Mrs. Mahama, who is currently President of the Organization of African First Ladies Against HIV and AIDS (OAFLA), described her philanthropic work in the camp as the most acclaimed programme of the Lordina Foundation.

She also mentioned the periodic medical outreach programmes to mostly under-served communities in Ghana by her organization as another high profile programmes the Lordina Foundation is carrying out in Ghana to deal with cervical, breast cancer and HIV, and also provide education on these diseases for the general public, especially women.

The First Lady further mentioned provision of skills and vocational training to create opportunities for girls and women, adding “we also present these trainees with tools of their trade, including sewing machines, hair dryers, embroidery machines, and many other equipment with which they can begin life”.

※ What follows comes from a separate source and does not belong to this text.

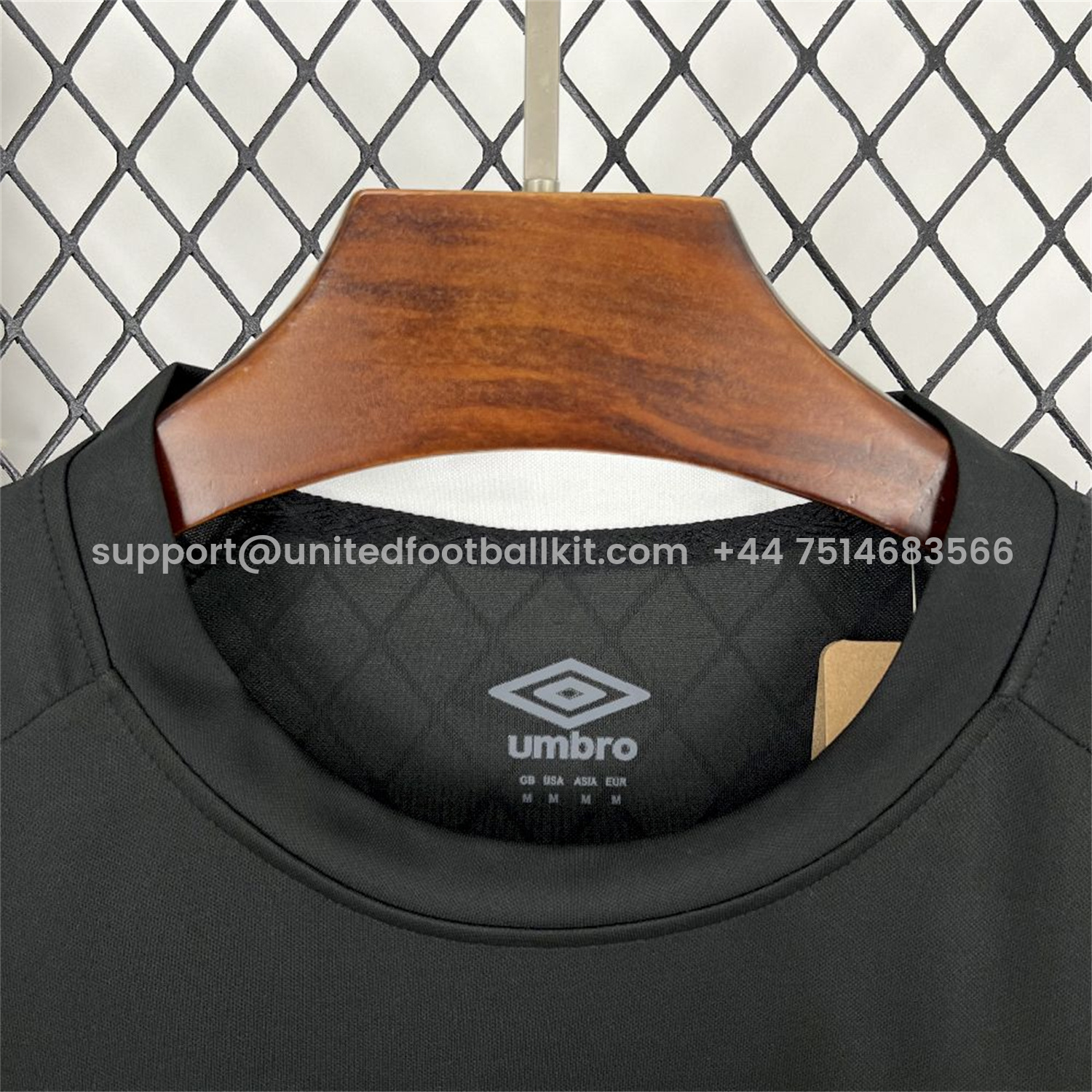 Unitedfootballkit.com | Santos 25-26 Black Goalkeeper Unsponsored Jersey - Fans Version -Customize Name, Number and Patch | Worldwide Shipping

She disclosed that with support from Medshare of USA, the foundation’s support for deprived health facilities has been most successful.

“We have distributed vital medical supplies, and equipment, to more than 50 District Hospitals and Health Centres, across the length and breadth of Ghana”.

In education, she said “we support schools and facilitate scholarships for needy students to study in Ghana and abroad”.

She that noted that, there are many more issues affecting women, but as First Ladies of Africa, they are prepared to show leadership in this area, and are counting on the support of spouses of the envoys to tackle them head on because “as women, we find that our responsibilities keep increasing in our ever evolving complex world. There is always room in the world for more love and more care”.

The motto of the Foundation is; “The more we share, the more we have”, Mrs. Mahama asked for contributions that can “help make this world a better place for others, than we found it”, adding “together we can empower women all over the globe and help to heal our ailing world”.

Earlier in the morning, Mrs. Mahama who joined President Mahama to pay a courtesy call on Emperor Akihito and Empress Michiko told the association how she was struck by the meticulous care and preservation of culture and tradition in what is one of the most technologically advanced countries.

She said visiting the beautiful Akasaka Palace this morning, it is obvious that Japan has been hugely successful in preserving its positive cultural heritage,

Mrs. Mahama, urged the ladies to behave like their host country Japan, by learning “to preserve what is positive in our heritage, and culture, and jettison the practices that are harmful and degrading”, adding “in Africa there is a lot we can be proud off, and we must preserve. But there is also a lot that we must discard such as child marriage”.